• **MATERIALS PROVIDED**
::::::

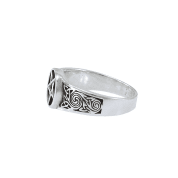 WICCAN SILVER RING - RINGS - HISTORICAL JEWELRY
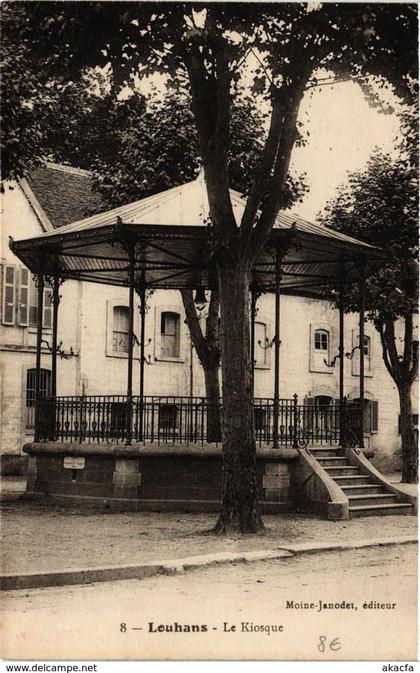 CPA LOUHANS - Le Kiosque (295682)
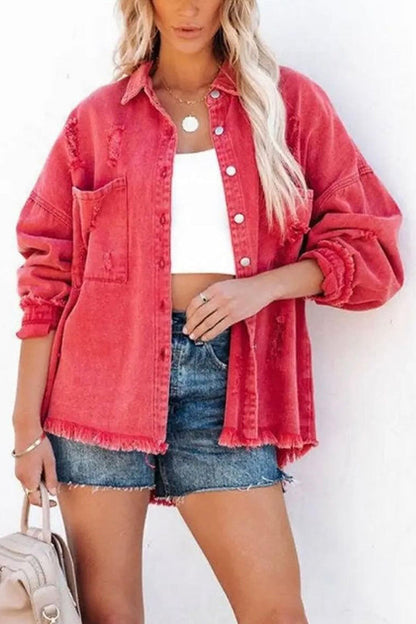 Classic Vintage Jacket with a Flattering Fit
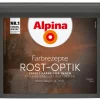 Alpina Farbrezepte Rost-Optik Komplett-Set
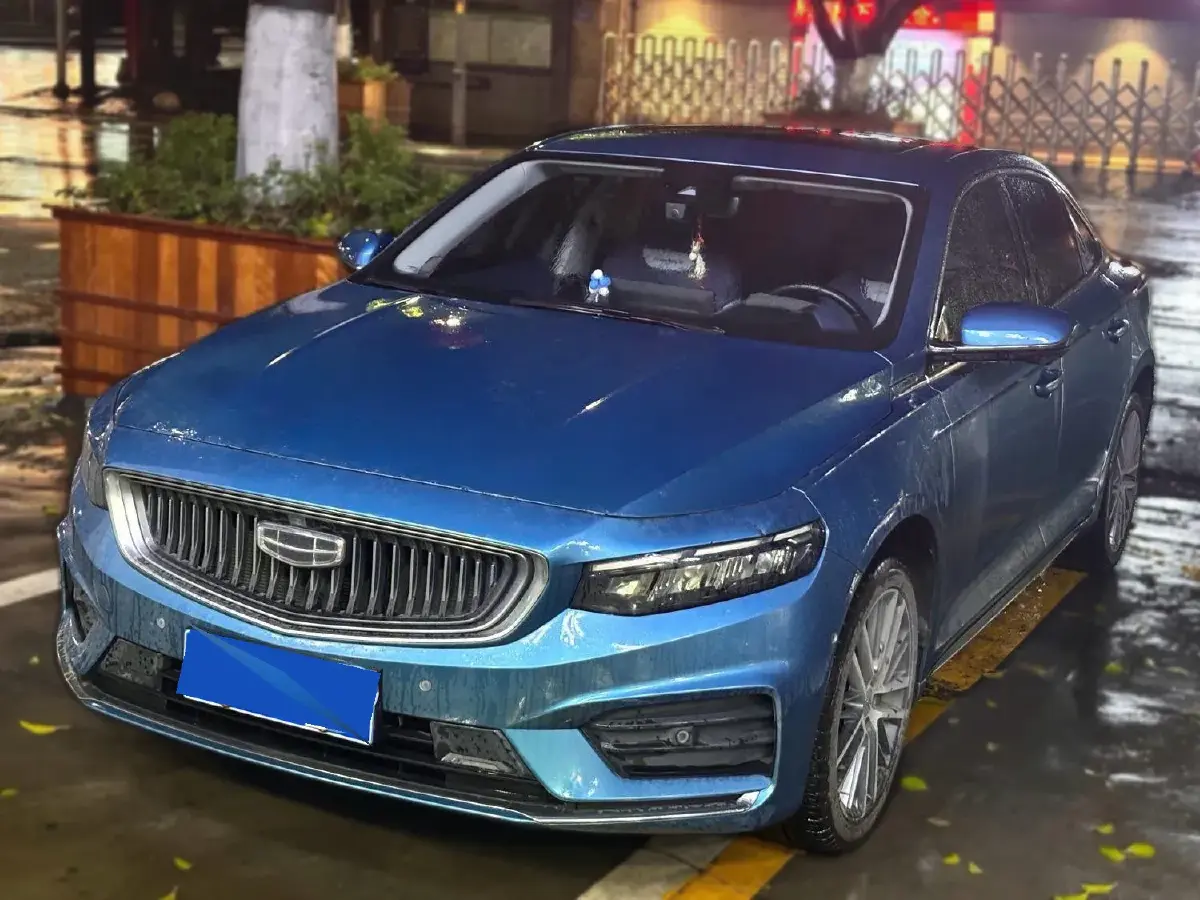 2021 Geely Preface 2.0T 190HP L4 7DCT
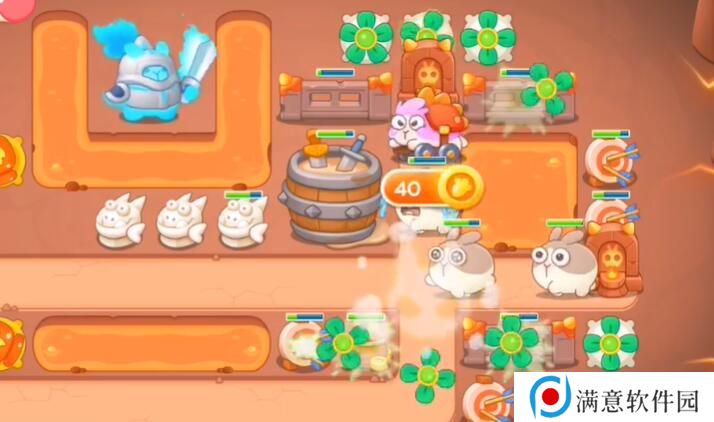 保卫萝卜4饿龙传说15关攻略 饿龙传说第15关图文通关解析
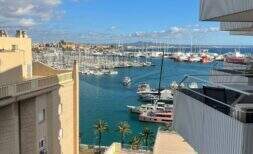 Exclusive apartment with sea and cathedral views - Palma harbor location
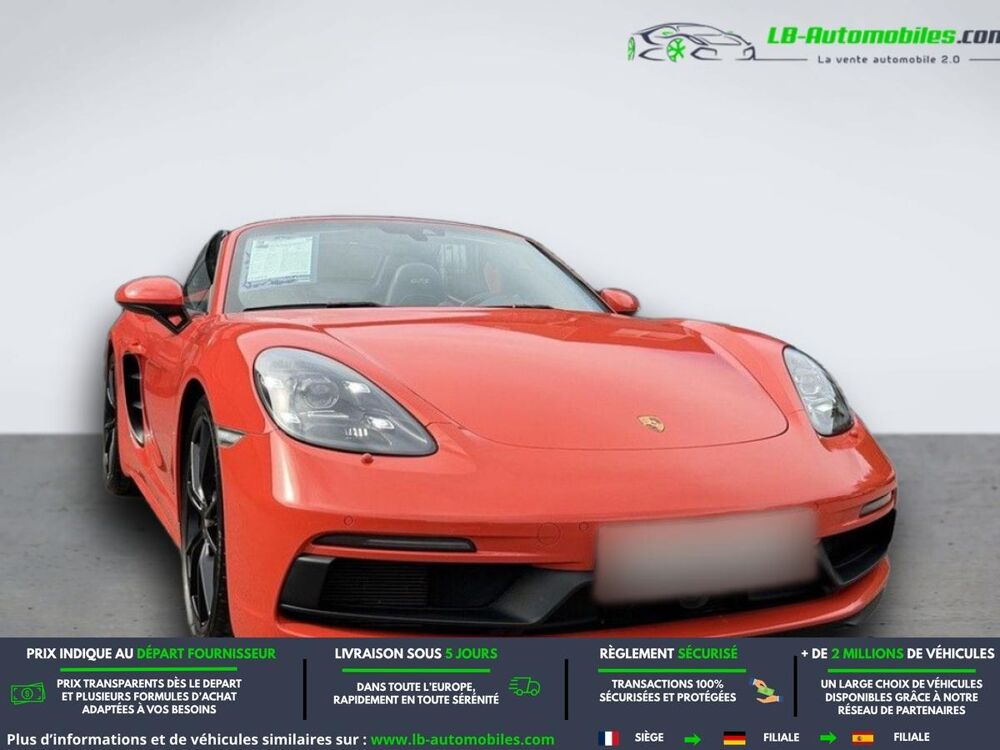 Boxster GTS 2.5i 365 ch PDK 2018 occasion 31850 Beaupuy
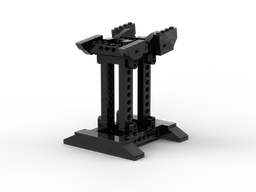Republic Gunship stand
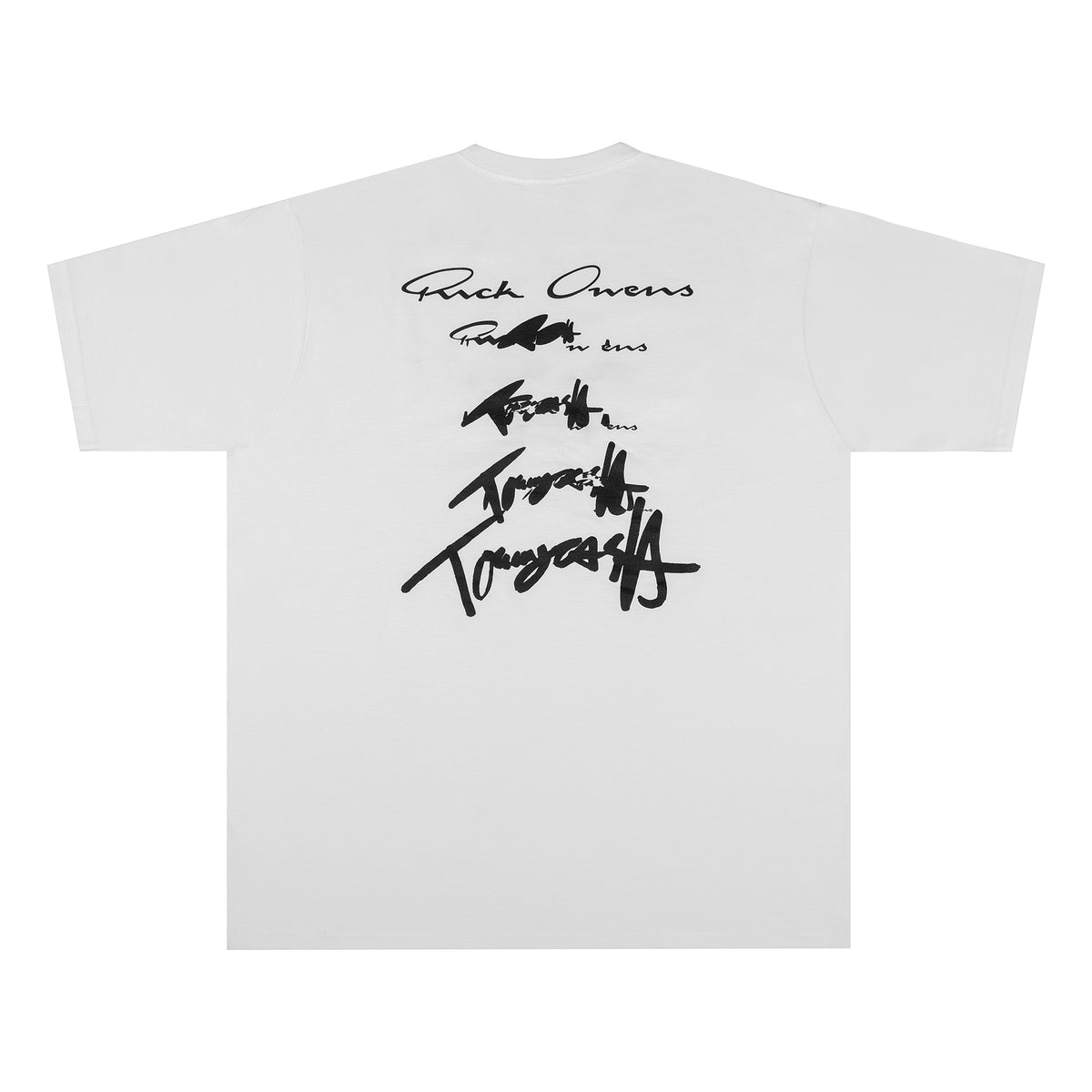 Rick Owens x Tommy Cash T-shirt – TOMMY CASH SHOP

::::::

• **WHAT IS BEING ASKED**
The entries above are to be restated verbatim, with no pictures carried over.

• **REPLY TO THE TASK**
 WICCAN SILVER RING - RINGS - HISTORICAL JEWELRY
 CPA LOUHANS - Le Kiosque (295682)
 Classic Vintage Jacket with a Flattering Fit
 Alpina Farbrezepte Rost-Optik Komplett-Set
 2021 Geely Preface 2.0T 190HP L4 7DCT
 保卫萝卜4饿龙传说15关攻略 饿龙传说第15关图文通关解析
 Exclusive apartment with sea and cathedral views - Palma harbor location
 Boxster GTS 2.5i 365 ch PDK 2018 occasion 31850 Beaupuy
Republic Gunship stand
 Rick Owens x Tommy Cash T-shirt – TOMMY CASH SHOP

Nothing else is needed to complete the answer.